Johnson then commented on the great crisis of our time, the imaginative crisis, as we are confronted with information overload in a sea of perpetual data. Interface is attempting to turn that information into something intelligible. A great social function, which is now turning into an aesthetic and expressive one as well. Still, he cautioned, we're at the very beginning of this phenomenon, and we must take care not to judge these new forms using old language. Johnson’s final words to the audience were ones of encouragement. Don’t consider these tools as gifts bestowed upon us by Silicon Valley, he urged. Realize instead that the arts community has an immense amount to contribute in return. New technologies need creative people to invent ways to represent ideas.

When the floor was opened for questions, Joan Shigekawa commented that in these conferences and other venues, the whole issue of generations comes up and that within decades a whole life experience is different. She advised that in future gatherings, we make a concerted effort to see that the digital young are with us, since they often have the most provocative questions, and that we seek “a little more anarchy for conventions like this.”

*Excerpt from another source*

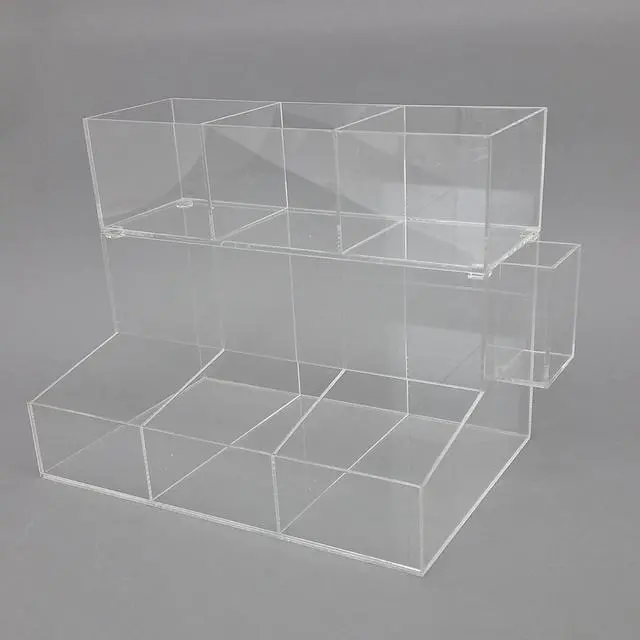 Alt view image 2 of 3 - OnDisplay Acrylic Sugar/Creamer Station with Removable Top Tier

One audience member asked, “I've always thought the issue was of layering of information. How do we become literate in this new structure?” Steven Johnson responded by referring back to the toddler he mentioned in his opening remarks. “What that 3 year old has is fearlessness and a willingness to explore without fear of failure,” he explained. “Computer literacy is about all of that…you won't really feel comfortable until you feel you can improvise...I constantly have this conversation with my mother. She panics if anything goes wrong... I tell her to try to think through it, mess around, troubleshoot, but there's a resistance to that, to improvisational familiarity.”